Disillusioned by this, along with the emphasis that many parish choirs have on performance instead of spirituality, Mundra decided to start his own choir. In 2006, he founded St. Patrick’s Gregorian Choir, which specializes in Gregorian chants in its proper liturgical context. One of the only of its kind in Toronto, the choir currently has 15 members.

“The Church considers Gregorian chants... as the proper official music of the Catholic Mass and Catholic liturgy,” said Mundra, who discovered this through reading both older and more recent Church documents, material on music from the Council of Trent and Sacrosanctum, a music ministry related document from Vatican II.

“In the Church, music holds a very important function because essentially what it should be doing is it should draw people towards a greater reverence towards the Blessed Sacrament at Holy Mass so they can go out into the world and be good Catholics.”

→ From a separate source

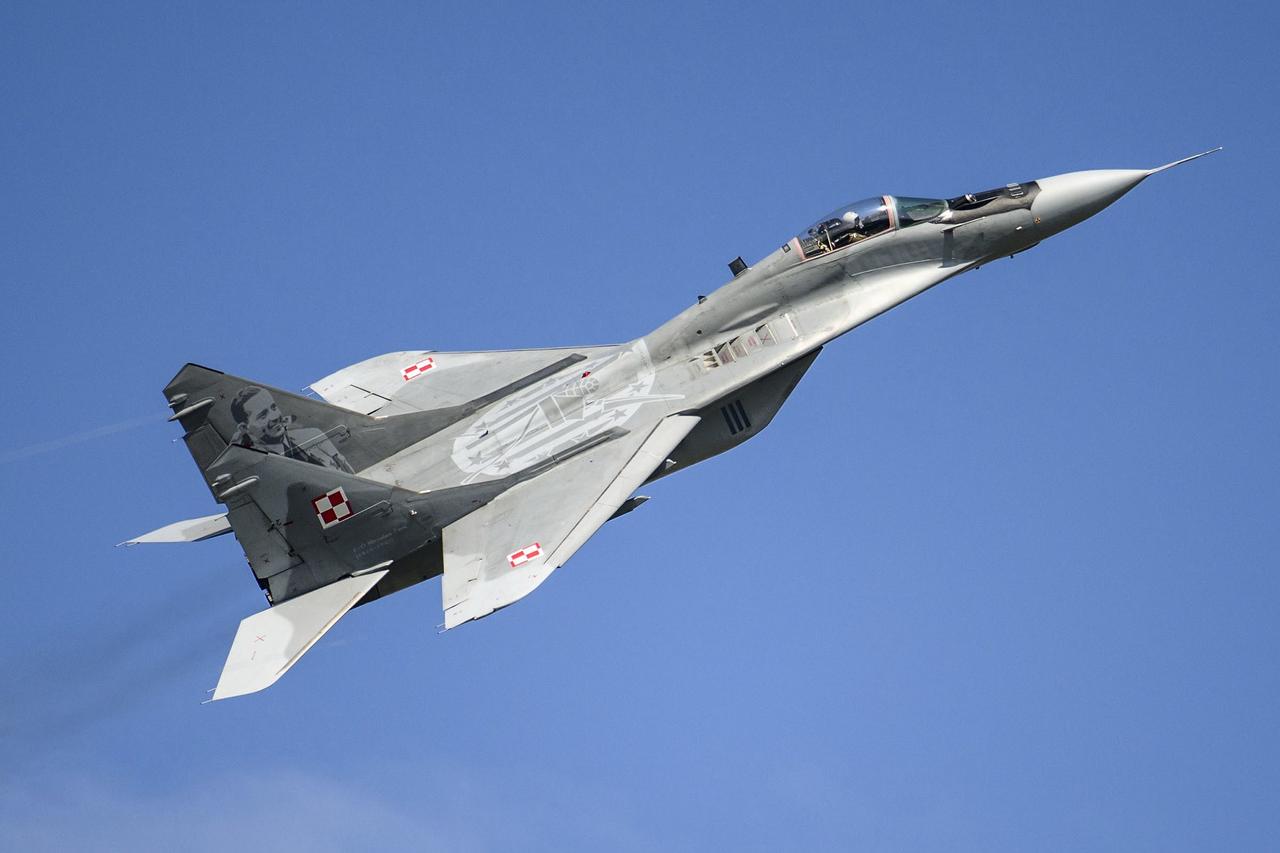 华沙明确有意将波兰空军退役的四架米格-29战斗机移交给乌克兰。乌克兰驻波兰大使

And once he started the choir, he began to learn a lot more about his Catholic faith, he said.

“The chants themselves are very steeped in Scripture and in Christ and the words are very important so when you begin to sing this music it sort of elevates the Sacred Scripture into something even more... What this music has essentially done is made me more aware of what it is to be Catholic. And it has certainly done that for the singers.”

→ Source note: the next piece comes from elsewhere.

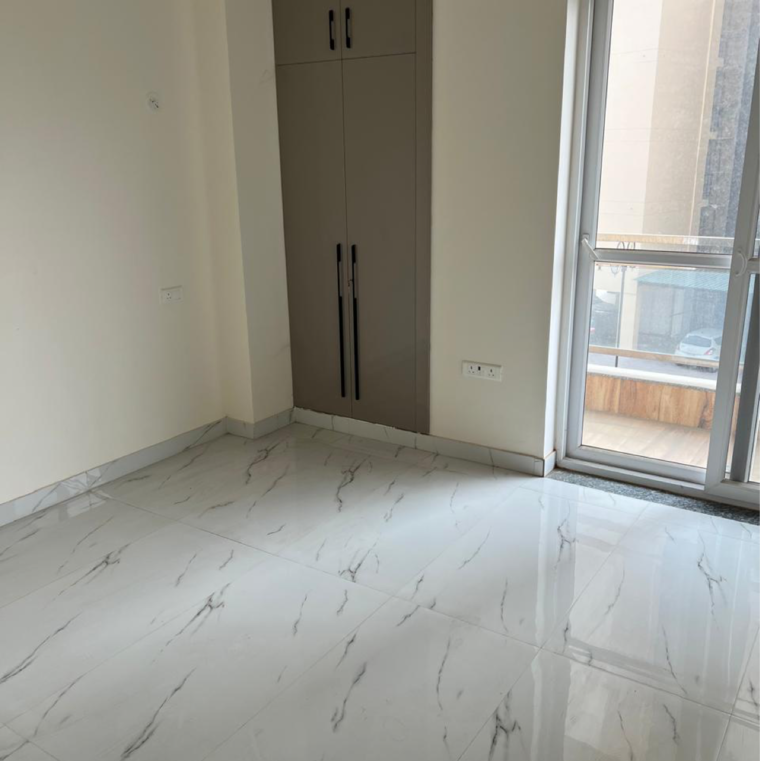 Room, opportune-crystal-mayberry 3 Bedroom 1361 Sq.Ft. Apartment In Malesemau Lucknow 9623840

Choir member Eva Lagan said Gregorian chant always inspired her as a form of musical devotion.

“Since being a member I have grown not only in my musical ability, but also in humility, patience and self-discipline,” she said.

“My prayer life and love of the Eucharist has also intensified.”

The choir has sung at many traditional Latin Masses across the city, including Masses at Holy Cross and St. Theresa’s parishes. It sings regularly at the 5 p.m. Mass at St. Patrick’s and has been invited to sing at an evening prayer service at St. George’s Memorial Anglican Church in Oshawa, Ont.

The choir has also attracted many people from across the city, said Mundra.

“Many of its members come from as far west as Etobicoke to the east end of Durham,” he said. “Interestingly, the choir has been of particular interest to non-Catholics, including a few Buddhists and atheists.”

Made up of amateurs, it is open to anyone as long as they are a music enthusiast and have a decent voice, he said.

“I’m teaching them how to sing, teaching them proper vocal technique and teaching them how to read the notation.”

Mundra is also starting Friends of the Ancient Arts, or Artis Antiqua Amicis, which will be made up of an ensemble of instrumentalists at St. Patrick’s playing sacred orchestral music as it would originally have been performed for Church celebrations.

“If I wanted to listen to the vespers of Monteverdi, I would have to go to a concert and I would have to pay,” he said. “But they weren’t originally written for that. They were written for Church.”